During her banking career, Julie attained world-class expertise in technical analysis, including Elliott Wave Theory, and pioneered research into automated trading and trading signal systems. An active member of the San Francisco Writers’ Guild, Julie also authored trade strategies, educational material, market commentary, newsletters, reports, articles, and press releases. She became a sought-after market expert who was frequently interviewed by financial magazines and news wires such as REUTERS.

Following her retirement from the banking sector, she dedicated 15 years to online forex trading, mentoring and freelance writing for TheFXperts, which she co-founded with her husband Jay. Julie is the co-author of “Forex Trading: A Beginner’s Guide” and “Technical Analysis for Financial Markets Traders,” in addition to five other books on financial markets trading and personal finance. She now focuses on writing articles on financial markets for platforms like Benzinga, although she continues to trade forex online and mentor fellow traders as part of TheFXperts’ financial team.


About Jay:

Jay Hawk grew up in Chicago and Mexico City where he became bilingual in English and Spanish. After taking formal training as a classical guitarist at prestigious music conservatories in Europe, Jay then embarked on a remarkable journey into the financial markets, cultivating his notable expertise through hands-on experience that began on the Midwest Stock Exchange.

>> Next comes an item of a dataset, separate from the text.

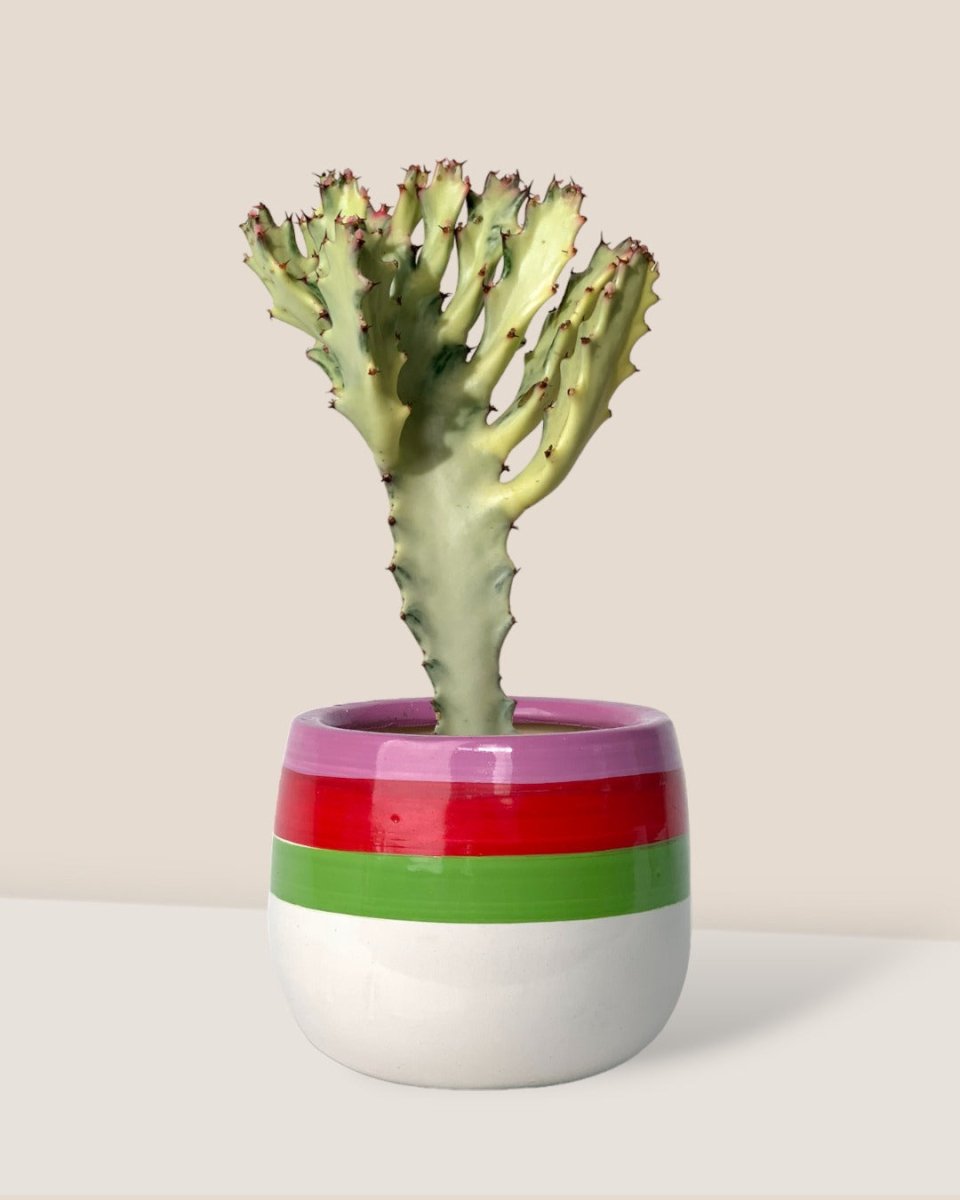 Euphorbia White Ghost - 30cm - poppy planter - ariel - Potted plant - Tumbleweed Plants - Online Plant Delivery Singapore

His financial career progressed as he started actively participating in various exchange floor trading activities in the Chicago futures and options pits, where he worked his way up the ladder, serving as a clerk, trader, broker, investor and fund manager. Jay then ran a retail stock brokerage desk and managed funds for large institutional investors, leveraging his discretionary trading skills to yield profitable results for clients.

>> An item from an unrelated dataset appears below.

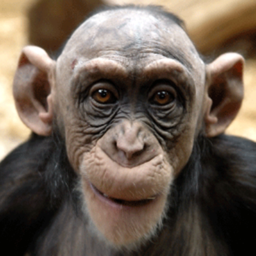 monke praise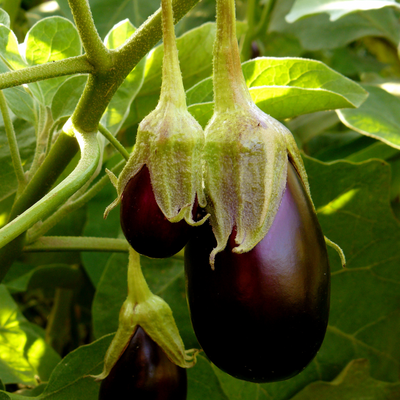 Beringela (0,4kg)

This ultimately led to Jay holding exchange seats and operating as a market maker on options exchanges in Chicago and San Francisco, initially on the Chicago Board Options Exchange. Jay also played a significant role in the Chicago Mercantile Exchange’s evolution, where he contributed to launching and actively trading the first listed currency futures options. After transitioning to the West Coast, Jay then held a seat and ventured into trading stock options and their underlying stocks on the Pacific Options Exchange.

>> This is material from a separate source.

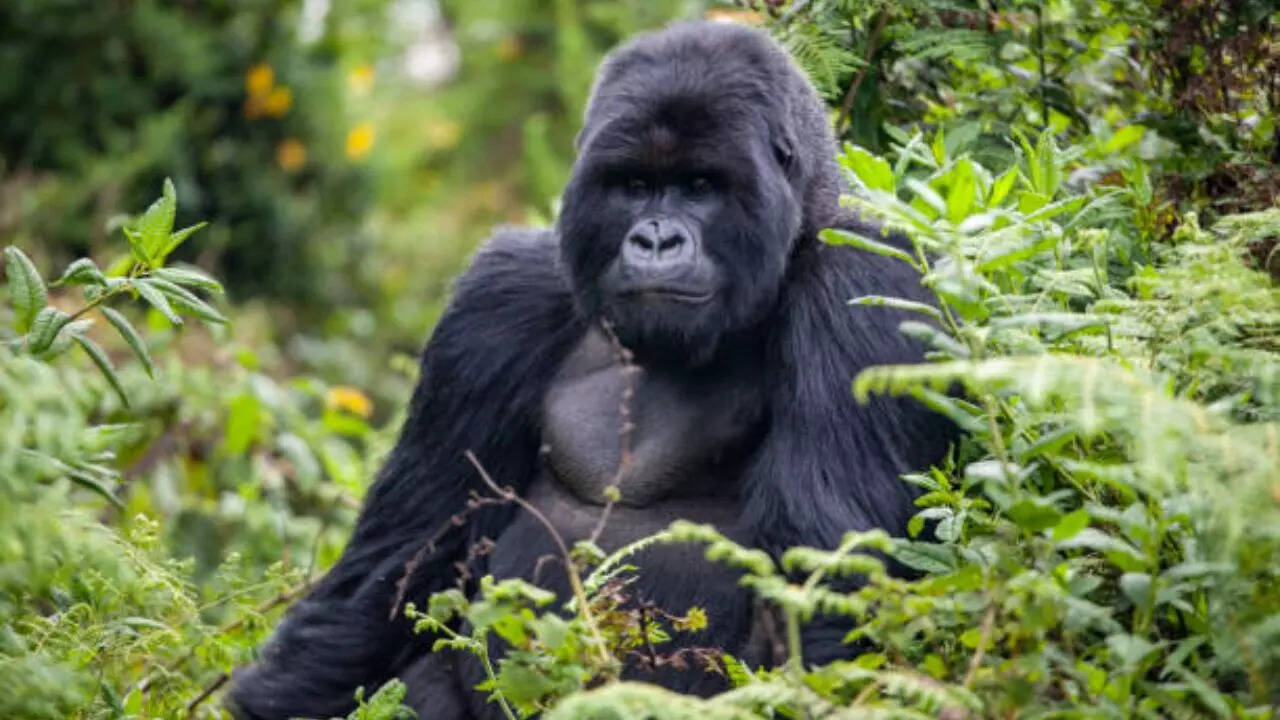 गोरिल्ला Gorilla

Jay’s comprehensive understanding of fundamental economic and corporate analysis continues to inform his trading and investment activities and has led to his subsequent success as an expert financial writer. Together with his wife Julie, he co-authored “Stock Trading: A Beginner’s Guide”, “Commodity Trading: A Beginner’s Guide” and “Fundamental Analysis for Financial Markets Traders,” among their published books focusing on financial markets trading, market analysis, and personal finance. 

As an integral member of TheFXperts’ team, Jay now excels in trading forex online for his personal account, mentoring aspiring traders and writing for financial platforms like Benzinga where he specializes in covering topics related to the stock and commodity markets, as well as investing, trading and reviewing online brokers.